L'eredità della cultura cristiana per una nuova coscienza


Signor cardinale, cari fratelli nell'episcopato e cari amici.


1. Gioisco vivamente nell'accogliere questa mattina i partecipanti al Convegno sull'eredità cristiana della cultura cristiana e del Consiglio Pontificio per la cultura, per riflettere sulla vitalità spirituale della cultura europea, plasmata da due millenni di esperienza cristiana. Ora la domanda che vi ponete con lucidità e coraggio è questa: quale coscienza della loro eredità cristiana hanno effettivamente gli europei? Recentemente numerosi simposi europei, a differenti livelli di responsabilità (vescovi, sacerdoti) si sono interessati con sollecitudine a questo tema. Il bilancio a prima vista sembra comportare sia ombre che luci. Da un lato migliaia di europei danno l'impressione di vivere senza memoria spirituale, come degli eredi che hanno dilapidato il loro patrimonio sacro. Quanti uomini e donne infatti, passano il loro tempo di lavoro e di svago senza alcun riferimento al Vangelo o a Dio! Le loro gioie, le loro speranze, le loro prove sembrano racchiuse in un orizzonte terrestre, e molti sembrano vivere e morire in un vuoto religioso. Questo agnosticismo pratico, quest'indifferenza tranquilla, è purtroppo spesso il dramma delle società economicamente più avanzate, che hanno evacuato il sacro della vita quotidiana e non hanno ancora imparato a creare uno spazio religioso nel cuore delle nuove culture. Quanti giovani respirano e crescono in questo clima religioso, fatto d'ignoranza e di disinteresse verso il fatto religioso!

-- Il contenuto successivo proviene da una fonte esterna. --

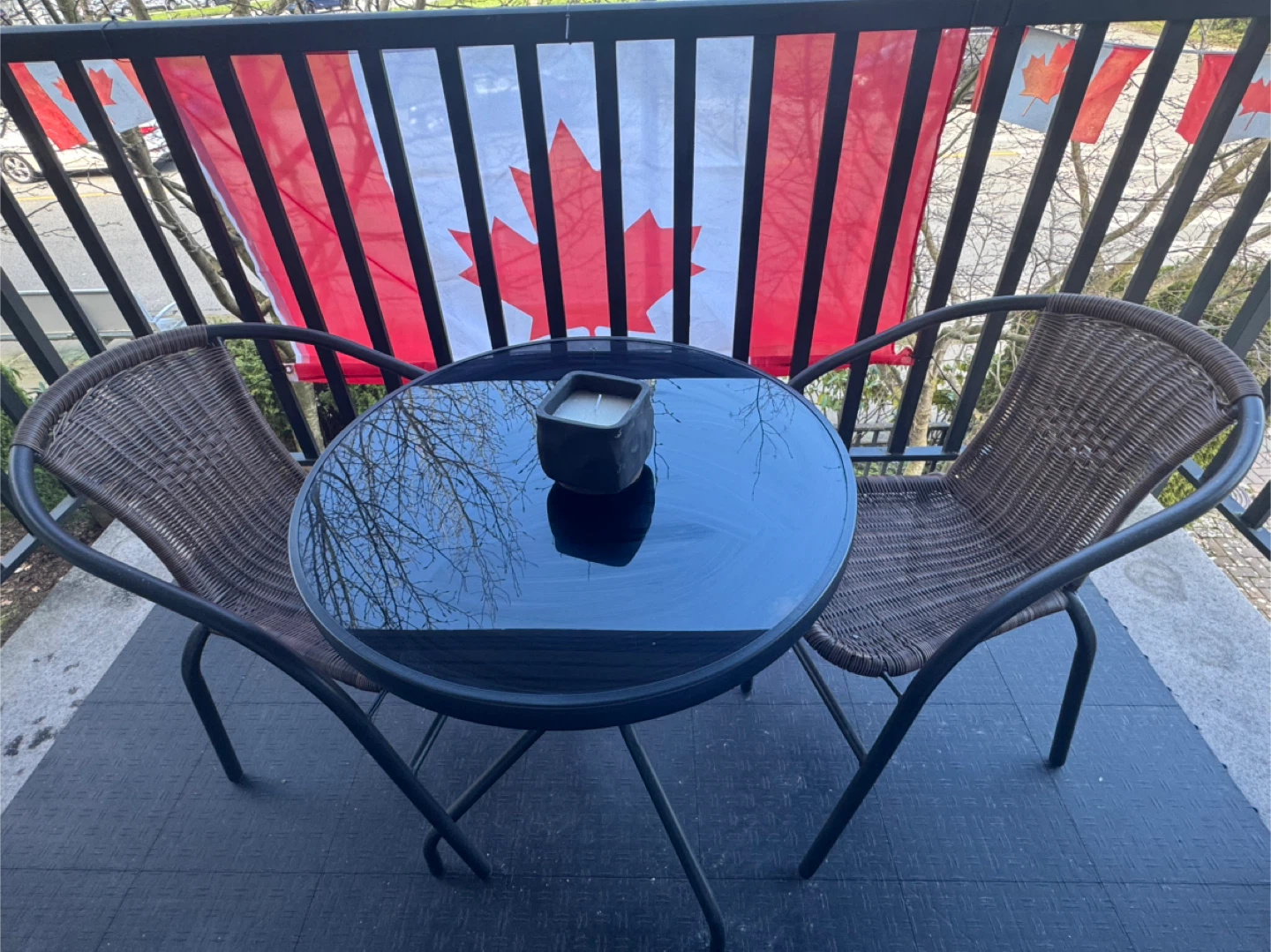 Rattan Bistro Set with Glass Table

2. Guardiamoci tuttavia dal fermarci unicamente all'aspetto oscuro del paesaggio umano e culturale di questo continente. Dapprima alcuni ambienti, forse a causa delle prove esteriori che li affliggono, manifestano una considerevole fedeltà alle loro radici spirituali e una forte vitalità religiosa, vissuta a livello delle famiglie e del popolo, tesa verso l'avvenire. E soprattutto le vie della Provvidenza sono misteriose, e lo Spirito è sempre all'opera nel segreto dei cuori, attirandoli verso l'amore dell'Assoluto, verso la giustizia, verso la pace.

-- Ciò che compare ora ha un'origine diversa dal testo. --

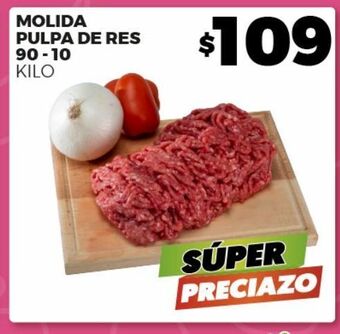 Merco Molida pulpa de res 90 - 10 kilo oferta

Segni di speranza e di conforto non mancano se noi sappiamo discernerli con attenzione. Come non rallegrarsi, per esempio, nel vedere tanti cristiani, in parecchi paesi d'Europa che si impegnano con generosità e intelligenza in questo progetto promettente che chiamiamo ora la nuova evangelizzazione? La fede viva di questi cristiani è tutta tesa verso uno sforzo di inculturazione del Vangelo che non mancherà di portare i suoi frutti. La promessa del Vangelo ce ne dà conferma così come dai segni già evidenti del successo. Gli europei, così fieri della loro libertà, della loro creatività, del loro senso della partecipazione, possiedono dei valori culturali che, fecondati dallo spirito del Vaticano II, affretteranno l'incontro della Chiesa con le culture emergenti.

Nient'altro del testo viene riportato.